A security guard at the school helped police identify one of the suspects and the driver also cooperated with police, Deenihan said. The weapons have not been recovered, he said. School security camera images helped police make the case.
Suspects were on parole
Derren Sorrels had six felony convictions and was on parole for motor vehicle theft and escape from custody when the shooting happened, Johnson said. He wore an ankle bracelet but had taken it off during a period in which he was allowed to look for work, Deenihan said.
Darwin Sorrells was on parole for a gun charge. He had been sentenced to six years in January 2013 but was released early, Johnson said.
The police superintendent said the judicial system needs to demand more accountability for people convicted of gun offenses.
"This tragedy isn't just noteworthy just because Ms. Aldridge has a famous family member," Johnson said. "It's noteworthy because these two offenders are prime examples of the challenge we face in Chicago with repeat gun offenders who don't care who they shoot, don't care whose life they take and clearly, clearly don't fear the consequences of their actions."
Wade speaks out against violence
Wade, the 12-time NBA All-Star who recently left the Miami Heat to sign a contract with his hometown Chicago Bulls, took to Twitter to mourn his cousin's death.

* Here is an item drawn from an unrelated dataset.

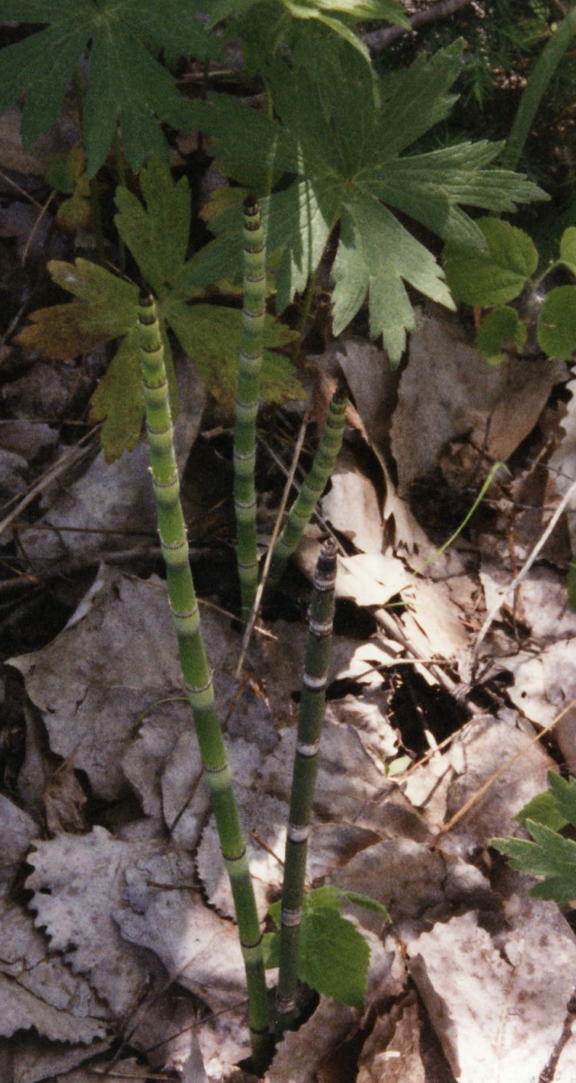 Horsetail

"My cousin was killed today in Chicago," Wade said in one tweet. "Another act of senseless gun violence. 4 kids lost their mom for NO REASON. Unreal. #EnoughIsEnough."

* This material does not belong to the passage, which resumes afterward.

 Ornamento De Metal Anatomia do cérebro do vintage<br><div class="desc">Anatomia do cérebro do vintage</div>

Wade has been an outspoken critic of rampant gun violence and took the stage at this year's ESPY Awards with fellow NBA superstars LeBron James, Carmelo Anthony and Chris Paul to speak about the issue.
He and his mother, Jolinda Wade, a Chicago pastor, also participated in an ESPN discussion on gun violence in America that was recorded at a YMCA in Chicago.
According to the Chicago Tribune, which chronicles every homicide in the city, at least 455 people have been shot to death in Chicago in the first 7½ months of the year.
Four people have been killed and 24 injured in Chicago shootings since Saturday afternoon, police said Sunday.